Rep. Henry Waxman’s first order of business as the new chairman of the Government Reform Committee was to add the word “oversight” to the committee’s moniker. It was his subtle way of telling the Bush Administration it could expect a steady stream of investigations into just about every imaginable aspect of its operations.
The California Democrat has not disappointed. From high-profile hearings into Iraq reconstruction to questions about Homeland Security contracts, Waxman has made the rechristened Committee on Oversight and Government Reform one of the busiest in Congress.
This coming Wednesday, Waxman will set his sights on General Services Administrator Lurita Doan, a successful businesswoman who President Bush tapped to run the agency last spring. Waxman wants to probe a $20,000 contract Doan approved to promote diversity—a contract that was terminated a month later before any money changed hands because it wasn't competitively bid. Doan has since apologized for the mistake.
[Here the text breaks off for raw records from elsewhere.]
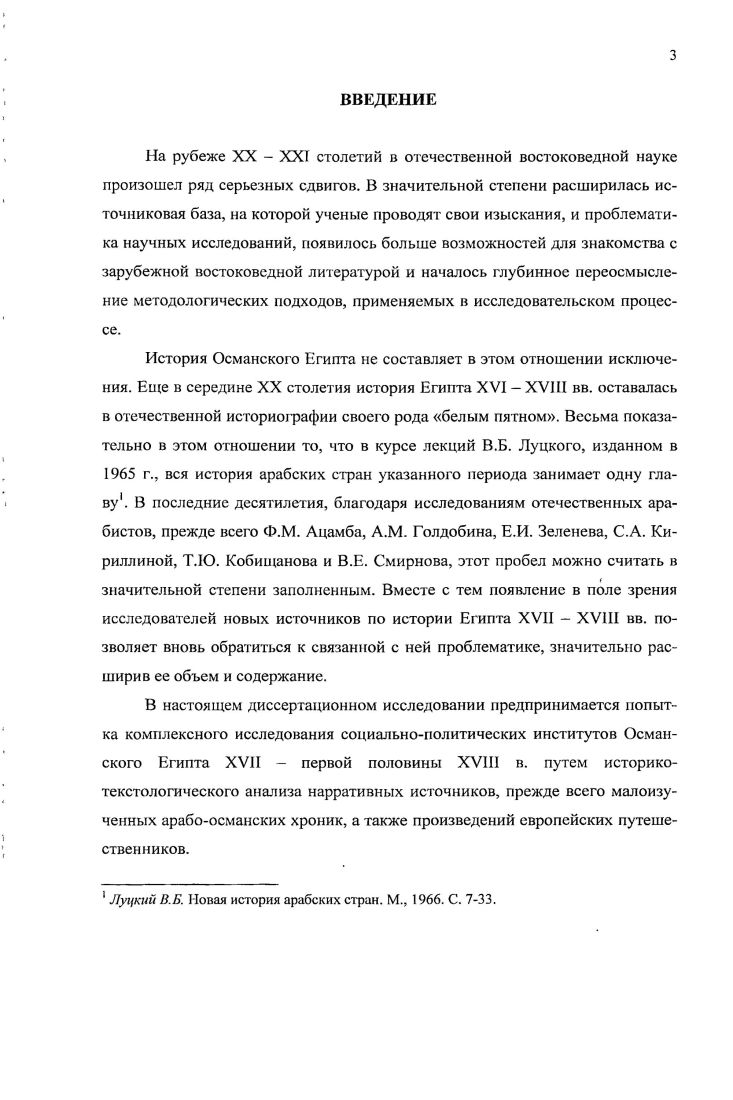 ГЛАВА II. Характерные черты экономической жизни 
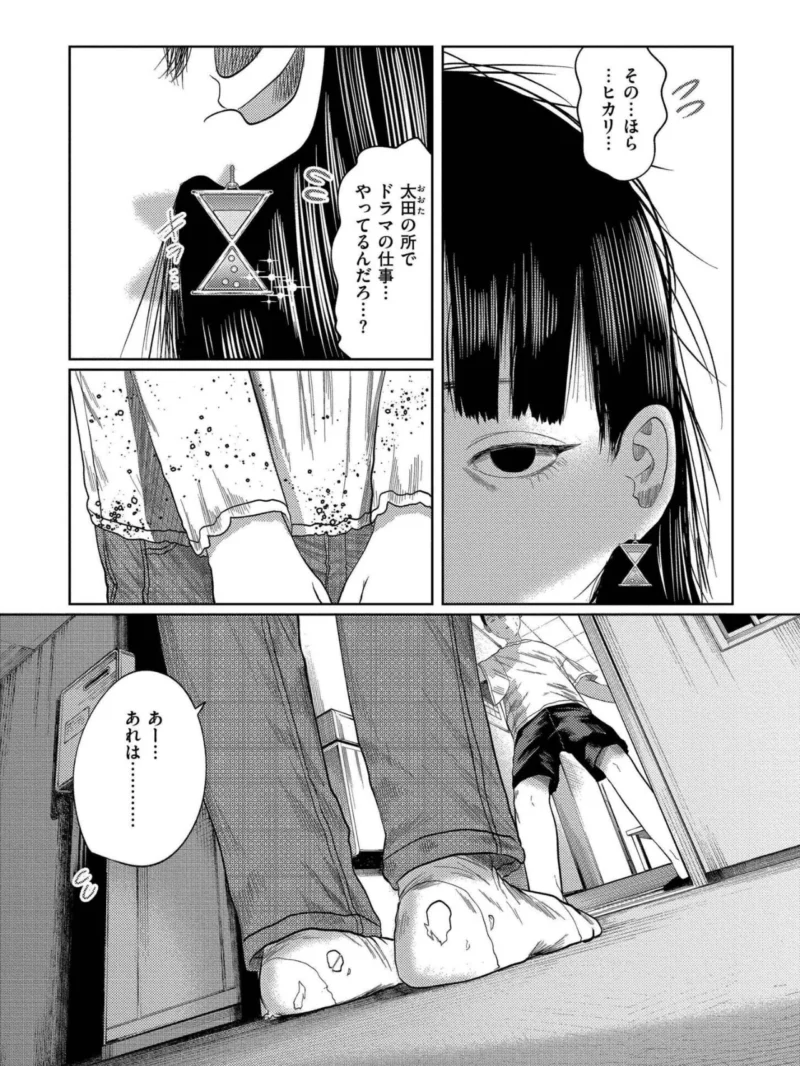 sample 5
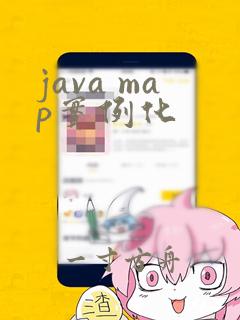 java map实例化
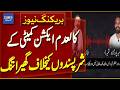 Crackdown Tightens on Outlawed Action Committee Activists | Breaking News | Dawn News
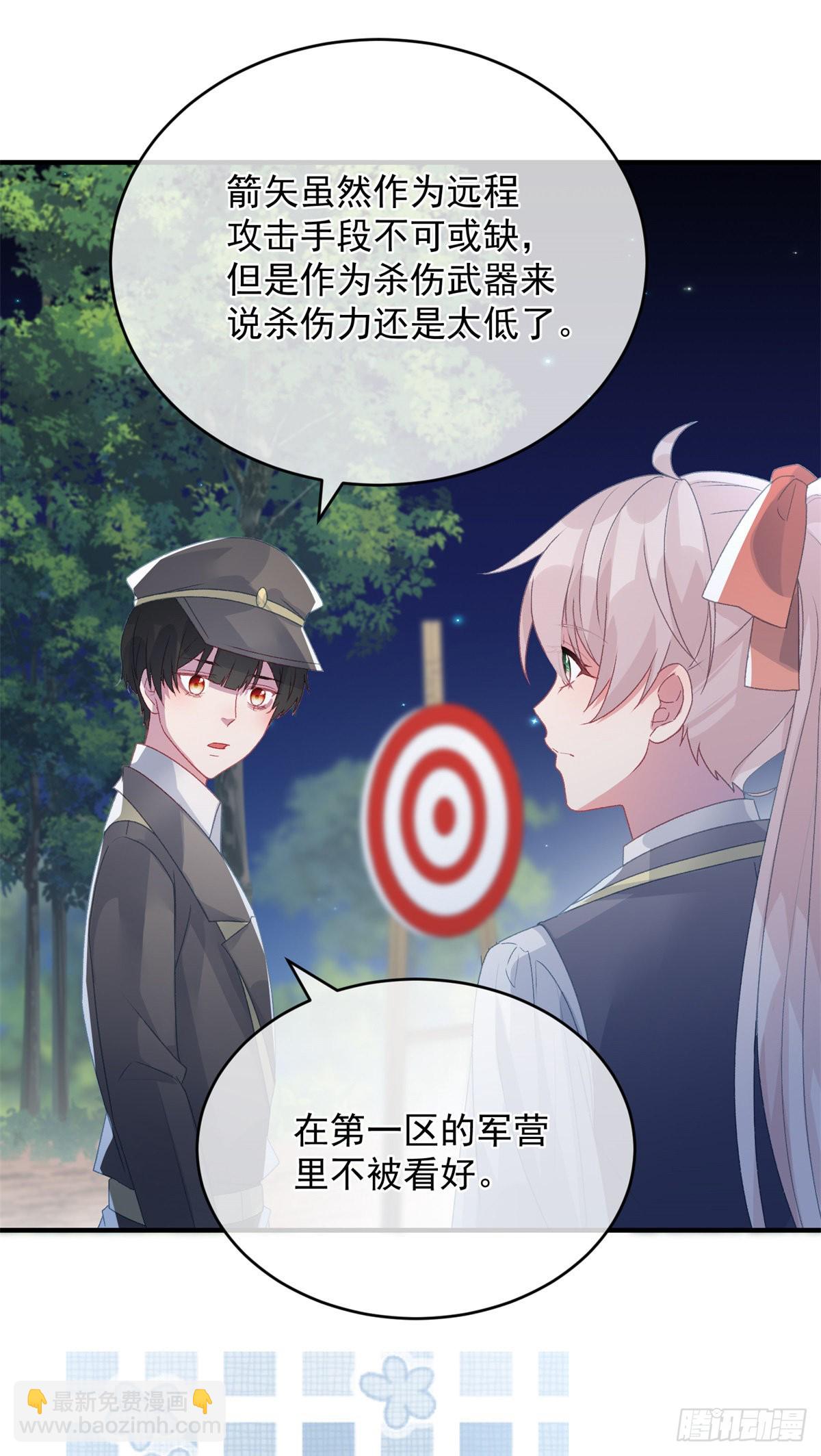 第94话 贝拉的主意-第95话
Waxman, however, isn't satisfied with the apology. To understand the significance of the $20,000, it’s important to understand the General Services Administration itself. The agency oversees nearly $66 billion in federal spending—more than a quarter of the government’s procurement dollars. It has 12,300 employees who are spread out in offices around the country.
So what do GSA employees do with all that money? The GSA is the world's largest landlord with more than 8,300 government-owned or leased buildings. It is responsible for a fleet of 170,000 vehicles, making it the world's largest purchaser of new cars. The computer infrastructure it oversees is valued at more than $100 million. The agency is the world's largest credit card service, and believe it or not, the world's largest conservator of art.
After seeing those big numbers and responsibilities, why is Waxman worried about a canceled contract worth a piddling $20,000? It's because Doan has done something government bureaucrats don't like: she's brought fiscal responsibility and accountability to the GSA.
In taking over the agency reins last May, Doan inherited a bloated budget at an agency that had lost $4.5 billion a year earlier. Not through bad investments, mind you. Just lost it. Didn't know where it had gone. $4.5 billion.
It was, as she said recently, no way to run a business. Seeking to restore fiscal discipline, she ordered cuts throughout the agency.